"Undo" biwiring?


If I have speakers with bi-wire terminals and only want to use single wire cables, is there any reason I can't desolder the wires from the low frequency posts and solder them to the high frequency posts or vice versa? Seems to make a lot more sense then adding expensive jumpers (which have made a difference in my experience), yet I have never seen this done or suggested. I would also need one less set of binding posts if I wanted to upgrade.
eugene81
My point is that soldering the wire internally and using it as a jumper are entirely equivalent if done competently. So, if you think that soldering the cheaper wire internally will work better than using the same wire as a jumper, it will be due only to your belief and/or inability to see that it is not an "expensive" jumper.
kr4, not sure you understand what I'm asking and I don't understand your response. Use the same wires as jumpers instead of jumpers...?
What Kal (KR4) is suggesting is using jumpers that consist of the same kind of wire that is used for the speaker's internal connections to the binding posts.
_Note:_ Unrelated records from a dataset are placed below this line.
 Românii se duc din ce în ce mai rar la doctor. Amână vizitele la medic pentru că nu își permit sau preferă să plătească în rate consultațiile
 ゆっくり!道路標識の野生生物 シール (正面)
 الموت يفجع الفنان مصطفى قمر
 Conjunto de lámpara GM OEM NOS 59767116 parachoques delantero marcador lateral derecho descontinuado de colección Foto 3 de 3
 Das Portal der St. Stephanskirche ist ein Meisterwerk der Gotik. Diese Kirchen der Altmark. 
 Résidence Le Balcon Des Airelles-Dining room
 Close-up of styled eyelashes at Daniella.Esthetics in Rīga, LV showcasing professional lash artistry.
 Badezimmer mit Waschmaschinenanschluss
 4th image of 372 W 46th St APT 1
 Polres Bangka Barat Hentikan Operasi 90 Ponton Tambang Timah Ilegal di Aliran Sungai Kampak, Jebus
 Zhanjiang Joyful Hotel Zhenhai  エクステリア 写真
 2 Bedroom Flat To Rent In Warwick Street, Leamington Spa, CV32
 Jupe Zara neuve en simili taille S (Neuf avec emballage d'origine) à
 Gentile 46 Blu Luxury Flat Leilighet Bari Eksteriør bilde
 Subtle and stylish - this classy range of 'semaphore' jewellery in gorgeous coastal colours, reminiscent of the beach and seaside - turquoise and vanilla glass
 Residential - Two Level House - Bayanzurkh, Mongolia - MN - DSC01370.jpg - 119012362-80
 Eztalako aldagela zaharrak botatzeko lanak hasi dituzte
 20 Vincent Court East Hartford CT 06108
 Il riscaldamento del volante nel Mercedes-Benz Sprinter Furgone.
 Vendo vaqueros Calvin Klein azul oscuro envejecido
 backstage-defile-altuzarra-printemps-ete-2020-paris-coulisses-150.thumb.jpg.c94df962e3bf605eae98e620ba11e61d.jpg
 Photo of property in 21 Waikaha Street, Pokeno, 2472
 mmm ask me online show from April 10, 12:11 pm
Assuming that the required jumper length is short, and given that most and probably all predictable speaker cable effects can be expected to be proportional to length, that sounds like a good approach to me.

Regards,
-- Al
No. I am saying that regardless of the wire he chooses, it doesn't matter whether he solders it internally or wires it as a jumper externally, it will make no difference at all.
No. I am saying that regardless of the wire he uses, it doesn't matter whether he solders it internally or wires it as a jumper externally, it will make no difference at all.

If he wants to rewire internally, he is only making more bother for himself.

(This whole thing is a tempest in a teapot. 2-3" of wire is unimportant.)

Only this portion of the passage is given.